Digo isso porque recentemente o Arcebispo de Melbourne resolveu proibir que em funerais e casamentos sejam executadas «canções românticas, música popular, rock’n’roll ou hinos de futebol». Se você possui um nível de insanidade relativamente baixo, como o meu, você leu esta notícia e imaginou que canções românticas estavam sendo cantadas em casamentos, música popular e rock’n’roll nos bailes que são dados após e os hinos de futebol… bem, caramba, onde é que hino de futebol pode combinar com casamento ou funeral?!

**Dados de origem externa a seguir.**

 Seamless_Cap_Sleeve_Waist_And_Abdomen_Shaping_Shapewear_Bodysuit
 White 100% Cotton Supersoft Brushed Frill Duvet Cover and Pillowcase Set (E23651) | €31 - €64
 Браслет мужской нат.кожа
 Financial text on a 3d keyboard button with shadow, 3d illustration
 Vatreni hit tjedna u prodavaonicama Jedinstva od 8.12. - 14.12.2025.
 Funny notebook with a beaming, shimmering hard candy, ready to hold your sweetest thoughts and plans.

Diante dessa cruel dúvida eu fui pesquisar mais a fundo sobre o Arcebispo e sobre sua polêmica decisão. Logo de cara eu percebi que Dennis Hart deve ser uma pessoa normal: em 2009 ele foi processado por uma paroquiana a quem ele teria dito «Vá para o Inferno, vadia» quando ela o despertou às três da madrugada para pedir uma confissão. Dificilmente haveria algo mais apropriado para se dizer à alma desastrada que teve essa ideia infeliz de acordar o pároco tão tarde da noite. Se fosse uma extrema-unção ainda seria aceitável, mas uma confissão…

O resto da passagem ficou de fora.